By Josh M. Ryan
In the U.S. House of Representatives, the majority party controls the committees, which in turn control the legislative development process. Standing committees are largely responsible for gatekeeping legislation opposed by the majority party or its leadership, and for marking-up legislation before it is referred to the entire House for consideration. Indeed, much scholarly research on the House focuses on how the majority party uses the institutional rules to shut the minority out of the process, and whether the minority party has any substantial recourse to counter majority party power. Unlike their Senate counterpart, the House minority has less ability to obstruct or delay, and instead focuses on splitting the majority party. There is little evidence the minority is systematically successful at achieving even this, as the House leadership works hard to keep divisive proposals off the floor.

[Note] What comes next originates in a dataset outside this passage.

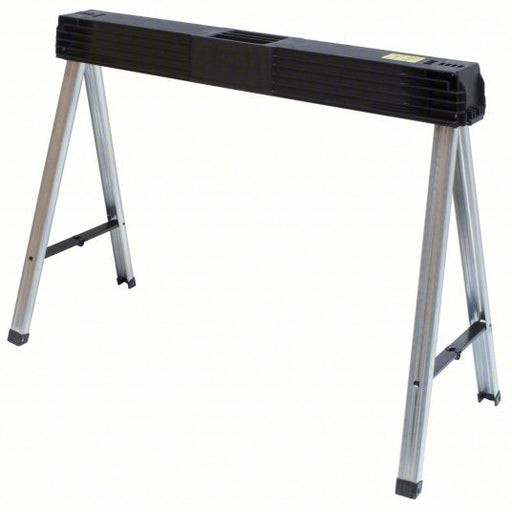 Stanley STST11151 Folding Sawhorse Fixed Ht, Plastic, 40 3/4 in Overall Wd, 750 lb Overall Load Capacity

This perception of House majority party power overlooks a crucial point: if a bill is to be enacted, the Senate must also pass it and the president must sign it. Legislation that is truly intended to become law, as opposed to bills passed solely for political purposes, must receive bipartisan support in the House. Is there evidence that the preferences of the minority are incorporated at the committee stage, when members work to construct legislation that they intend to become law? To answer this question, I examined roll call vote data for House committees from the 104th through 114th congresses to determine which committees reported bills that had the greatest level of support from the minority party, and whether bills with more minority party support were more likely to become law.
Data on standing committee roll call votes was collected from committee reports, where individual members’ votes are published in accordance with the Legislative Reorganization Act of 1970. I focused my attention on votes to report the legislation to the full House, as these votes reflect committee member preferences on the final version of the bill after the markup process. More minority party support indicates that a bill reported from the committee is more bipartisan.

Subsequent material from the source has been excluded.